Reductive amination in nature
المؤلف:
Jonathan Clayden , Nick Greeves , Stuart Warren
المصدر:
ORGANIC CHEMISTRY
الجزء والصفحة:
ص1150-1151
2025-08-14
452
Reductive amination in nature
One of the best methods for making amines in the laboratory is reductive amination, in which an imine (formed from a carbonyl compound and an amine) is reduced to a saturated amine. Common reducing agents include NaCNBH3 and hydrogen with a catalyst.

This reaction, of course, produces racemic amines. But nature transforms this simple reaction into an enantioselective and reversible one that is beautiful in its simplicity.

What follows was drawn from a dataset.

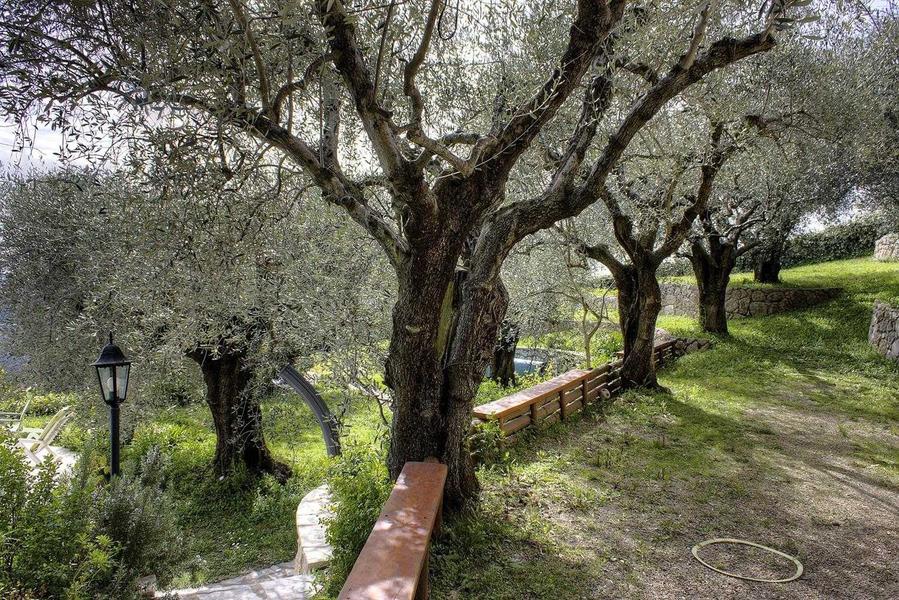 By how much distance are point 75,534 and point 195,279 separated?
1799mm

The reagents are a pair of substituted pyridines called pyridoxamine and pyridoxal, and the enzyme is an aminotransferase.

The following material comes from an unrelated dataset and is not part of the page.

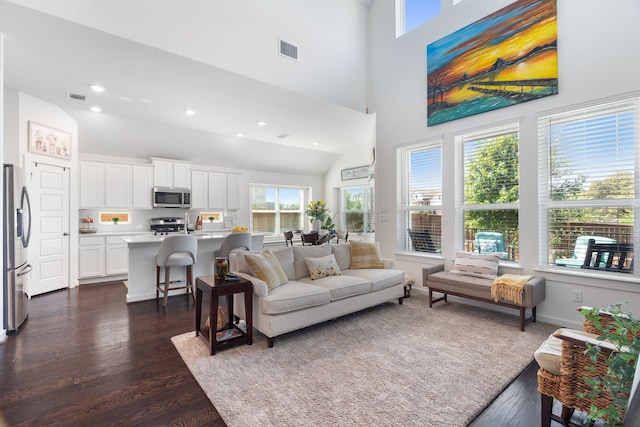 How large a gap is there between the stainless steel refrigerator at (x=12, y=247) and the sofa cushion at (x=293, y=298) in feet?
9.04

The mechanism of the amination starts with the formation of an imine from the black amino group and the green carbonyl. Removal of the now very acidic proton between the protonated pyridine and the conjugated imino-carboxylic acid gives a dihydropyridine, which rearomatizes by protonation next to the carboxylic acid. This step is enantioselective, with the proton being delivered from the enzyme. Finally, hydrolysis of the new imine gives pyridoxal and a single enantiomer of the amino acid.